## [Exercise]
A faithful copy is required: retype the records from their first line through the line with "Saguaro Cactus Plant", and omit the pictures.

Image-caption web data
= = = = = = =

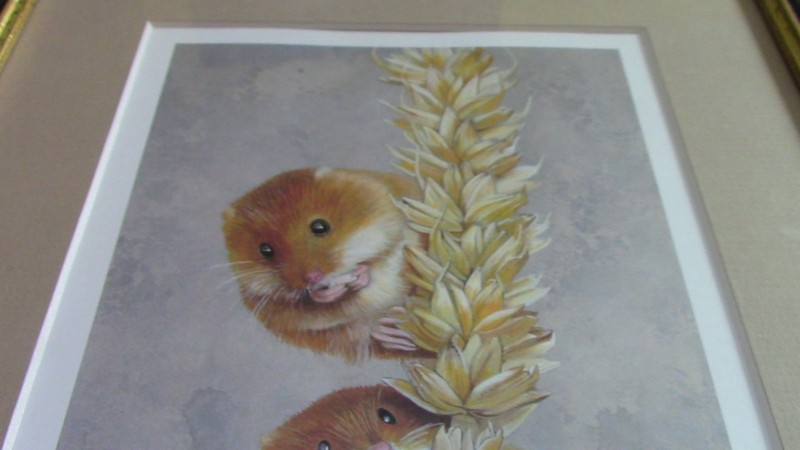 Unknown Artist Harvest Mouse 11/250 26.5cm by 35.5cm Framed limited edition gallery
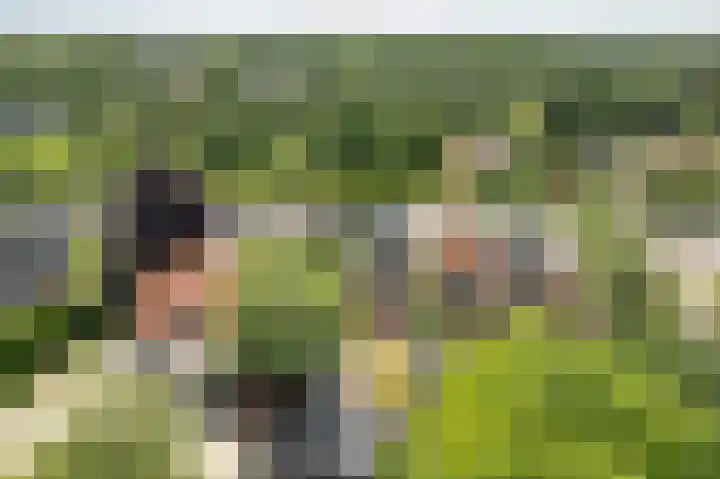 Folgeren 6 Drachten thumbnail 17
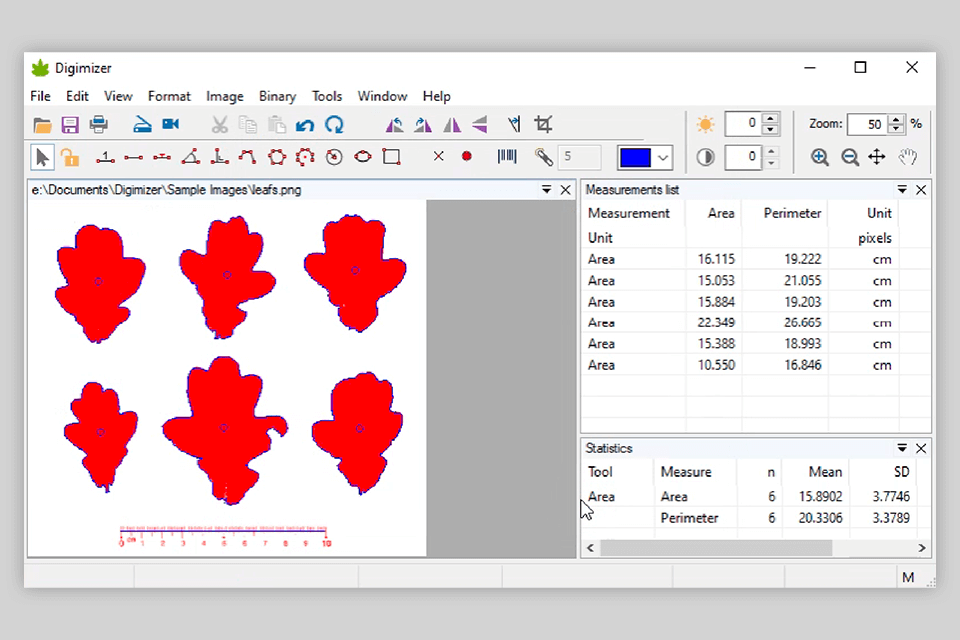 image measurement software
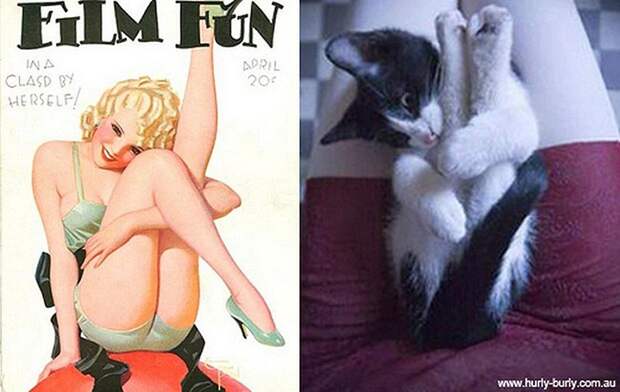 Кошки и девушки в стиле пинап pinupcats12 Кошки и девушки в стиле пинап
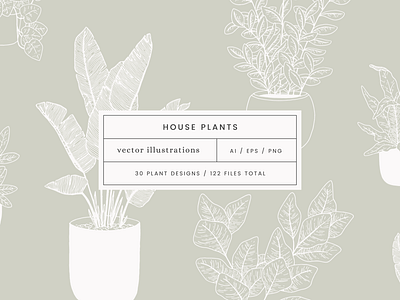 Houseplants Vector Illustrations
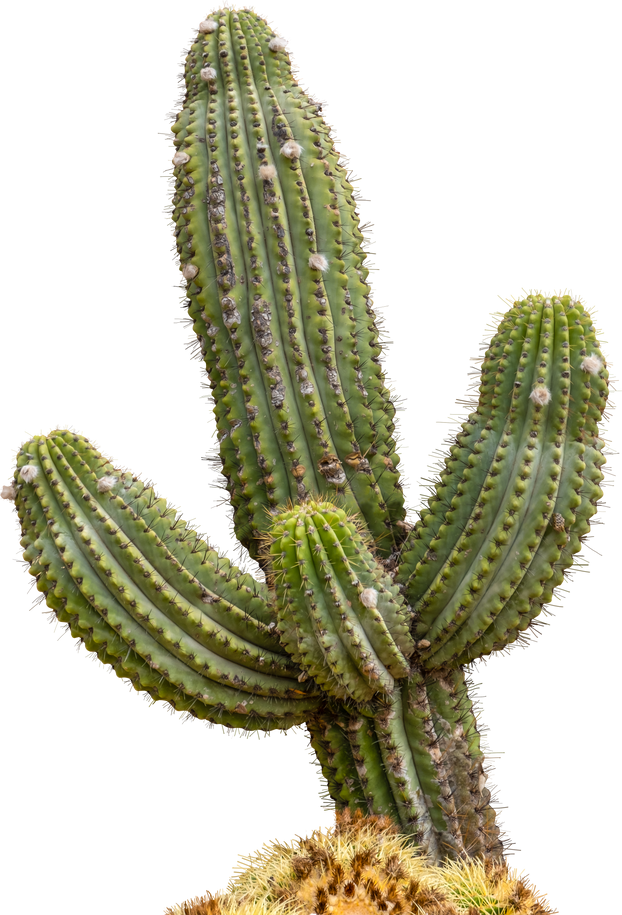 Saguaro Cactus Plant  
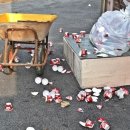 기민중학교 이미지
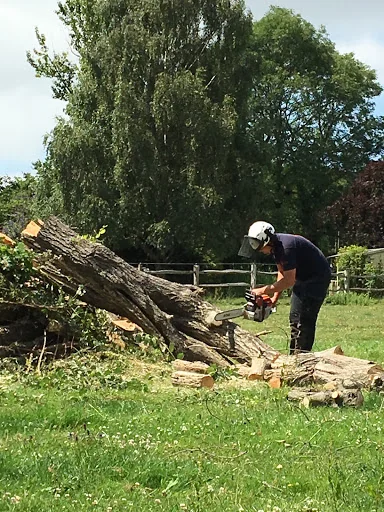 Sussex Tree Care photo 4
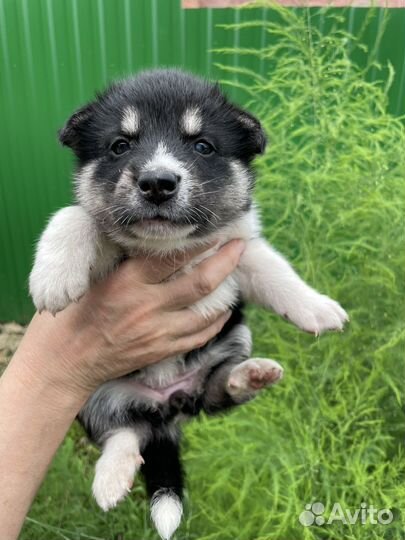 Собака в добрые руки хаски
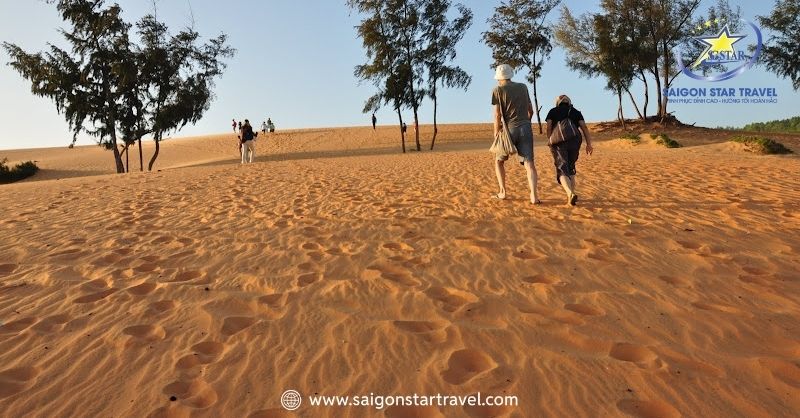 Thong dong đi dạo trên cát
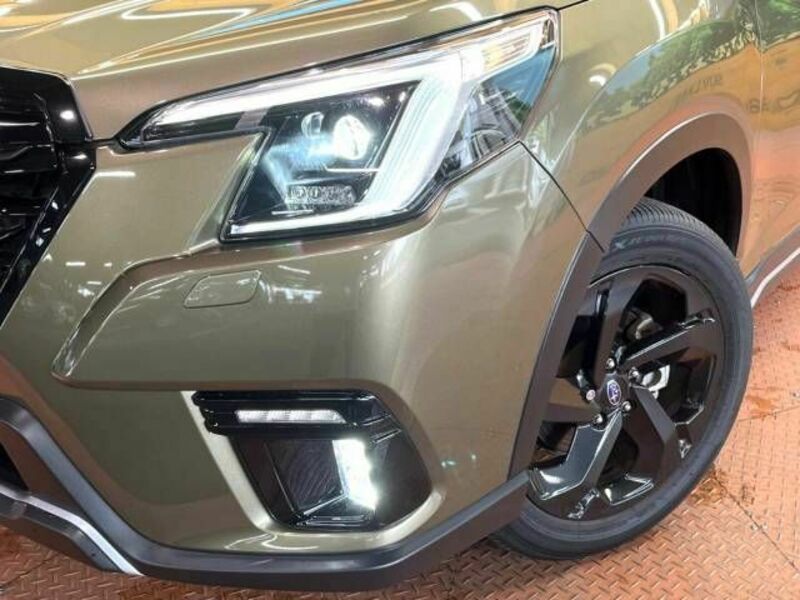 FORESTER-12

= = = = = = =

## [Exercise output]
 Unknown Artist Harvest Mouse 11/250 26.5cm by 35.5cm Framed limited edition gallery
 Folgeren 6 Drachten thumbnail 17
 image measurement software
 Кошки и девушки в стиле пинап pinupcats12 Кошки и девушки в стиле пинап
 Houseplants Vector Illustrations
 Saguaro Cactus Plant  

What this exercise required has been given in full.